The sum of the infinite series

Question

$\sum\limits_{n=3}^{\infty} \frac{n+5}{(n+2)(n^2-1)} = \sum\limits_{n=3}^{\infty} (\frac{1}{n+2} + \frac{1}{n-1} + \frac{-2}{n+1}) $ So I do not know how I should write partial sum.

Answer 1

$$\dfrac1{n+2}+\dfrac1{n-1}-\dfrac2{n+1}$$

$$=\dfrac1{n+2}-\dfrac1{n+1}+\dfrac1{n-1}-\dfrac1{n+1}$$

$$=\underbrace{f(n+2)-f(n+1)}-\underbrace{f(n+1)-f(n-1)}$$

where $f(n)=\dfrac1n$

Set a few values of $n$ to recognize the telescoping series.

Answer 2

Hint.

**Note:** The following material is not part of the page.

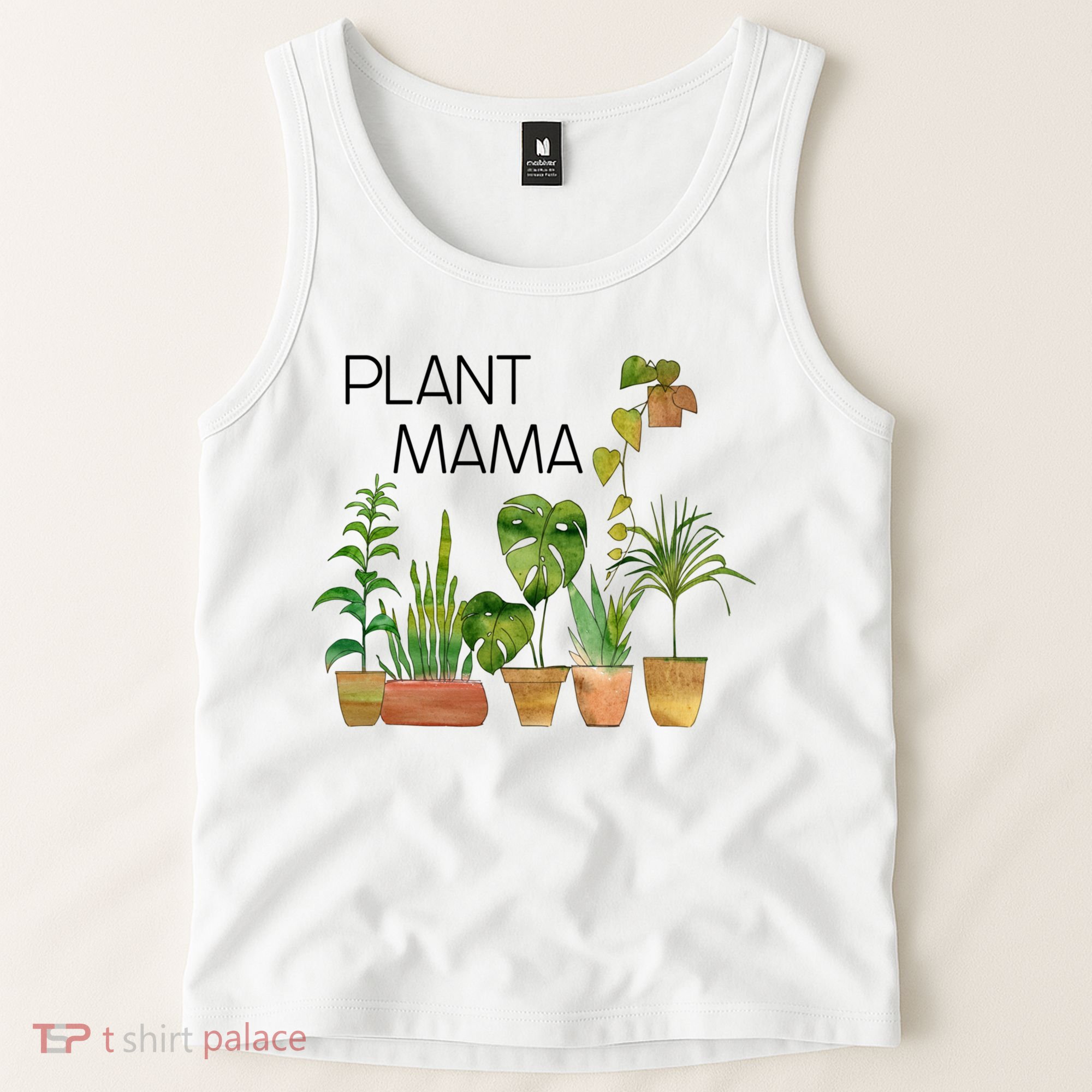 Plant Mama Crazy Plant Lady Monstera Mom Gift Tank Top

You have telescoping sums by writing $$ \begin{align} &\sum\limits_{n=3}^{N} \left(\frac{1}{n+2} + \frac{1}{n-1} + \frac{-2}{n+1}\right) \\\\&=\sum\limits_{n=3}^{N} \left(\frac{1}{n+2} - \frac{1}{n+1}\right)-\sum\limits_{n=3}^{N} \left(\frac{1}{n+1} - \frac{1}{n}\right)-\sum\limits_{n=3}^{N} \left(\frac{1}{n} - \frac{1}{n-1}\right) \end{align} $$hope you can take it from here.